Rodolphe, fils d’ouvrier communiste, va s’engager dans le combat de la deuxième gauche représentée par Michel Rocard. Il « reniera » ses origines populaires en épousant la délicieuse Alice, fille d’un milliardaire véreux et le milieu de la gauche « caviar ». Mais on reste toujours prisonnier de son éducation…

Benoît, un orphelin élevé par ses grands-parents, est le seul à rester en Bretagne. Après une expérience malheureuse pour un journal local, il poursuit sa passion pour la photographie.

Quant au brillant Tanguy, il intègre une prestigieuse école de commerce.

La première partie consacrée à l’entrée du quatuor dans la vie adulte s’arrête en 1984. Un an avant, le gouvernement avait pris le virage de la rigueur.

C’est en 2009 que nous retrouvons les quatre camarades qui, pour certains, se sont un perdus de vue. Paul multiplie les conquêtes masculines et végète en tant qu’acteur.

Rodolple, le plus attachant des personnages (avec son père Pierre et son épouse Alice) à mon sens, poursuit son ascension politique.

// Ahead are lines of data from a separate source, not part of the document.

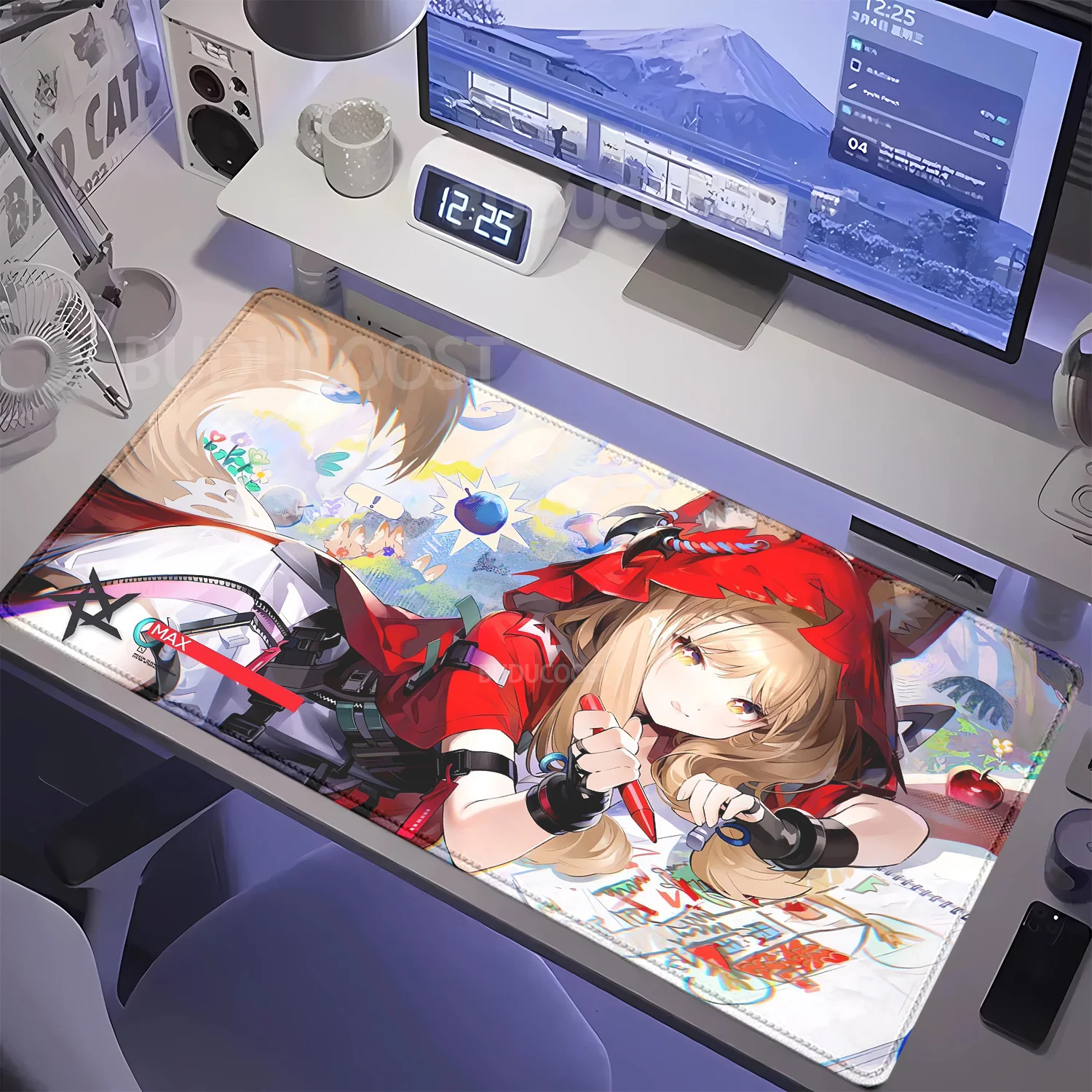 Large Mouse Pad Rossi Arknights Endfield Cute Anime Girl Game Keyboard Overlock Mousepad PC Office Non-slip HD Printing Desk Mat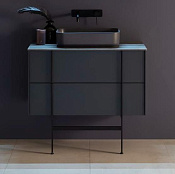 Allen Brau Reality Тумба под раковину, подвесная 120x46,2x50h см, цвет: антрацит матовый 1.32008.AM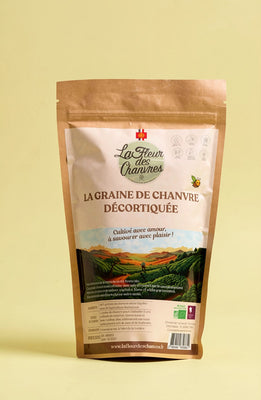 Graine de chanvre décortiquée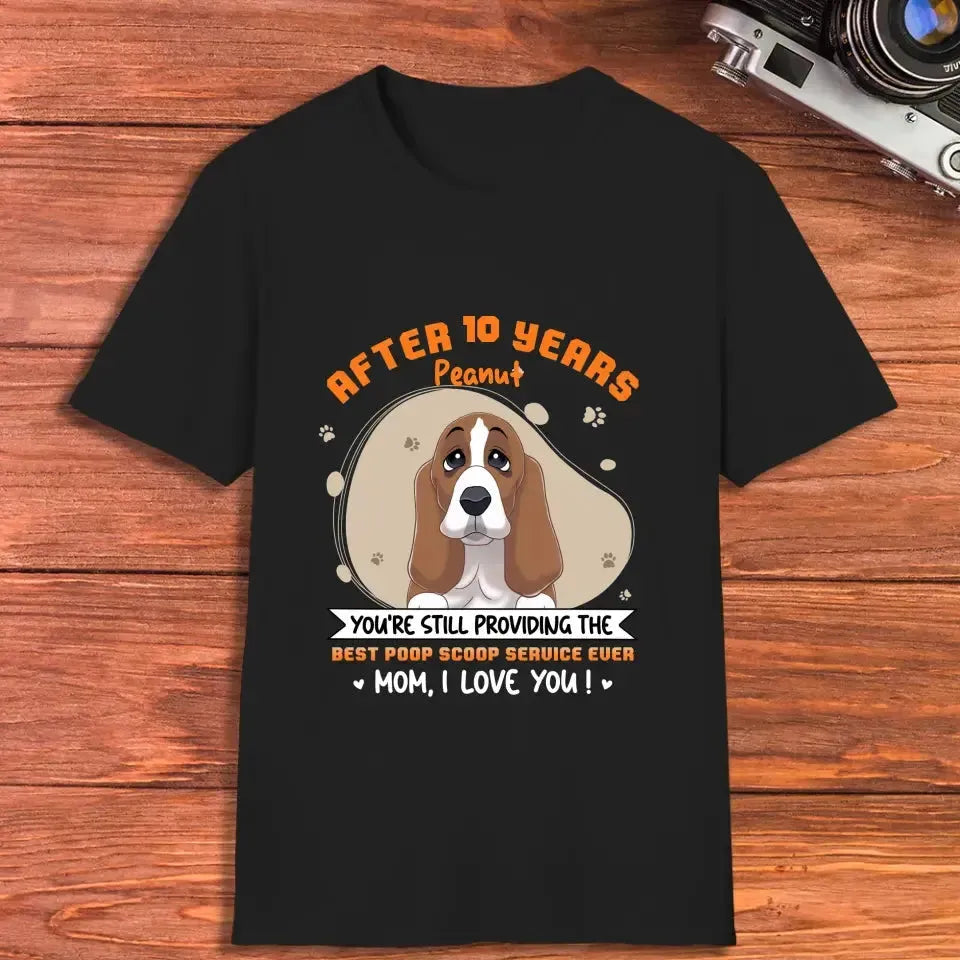 Best Poop Scoop Service - Custom Quote - Personalized Gifts for Dog Lovers - Unisex T-Shirt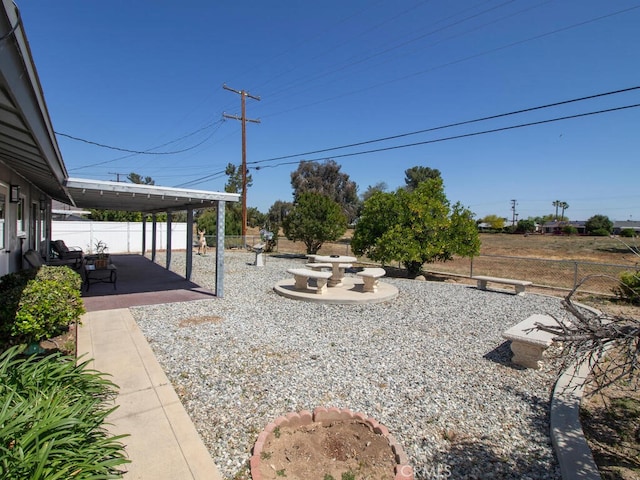 29412 Carmel Rd, Menifee, CA 92586 - view of yard with a patio area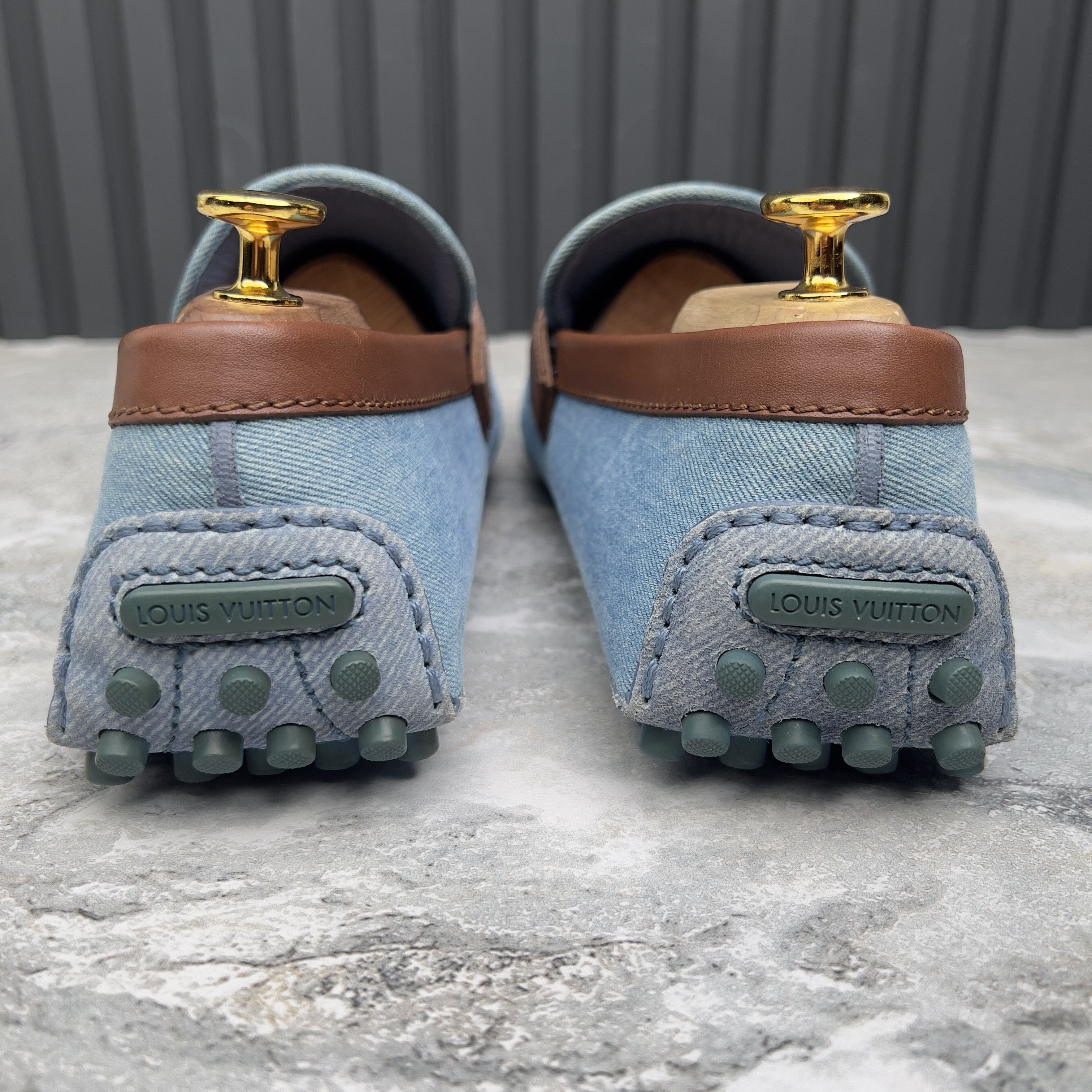 Louis Vuitton Louis Vuitton Monte Carlo Driving Moccasin Denim Size US 10.5 / EU 43-44 - 9 Thumbnail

Benoît est un photographe célèbre

Tanguy travaille pour un grand groupe américain.

Je ne rentrerai pas dans le détail de leur parcours afin de ne pas déflorer le suspense.

Plus que le récit d’une amitié, « Le bonheur national brut » est surtout une description très juste et bien documentée d’une génération qui, pleine d’espérance au sortir de l’adolescence, a perdu ses illusions. Le chômage galopant, la paupérisation des classes moyennes, la mondialisation effrénée, la désindustrialisation du pays, la domination de la finance, l’insécurité, la progression du communautarisme, la montée des extrêmes sont passés par là.

Extrait 

« Nous avions tellement voulu grandir et nous frotter à la vie que nous avions oublié de préserver la part la plus belle de nous-mêmes : notre innocence » (p. 336).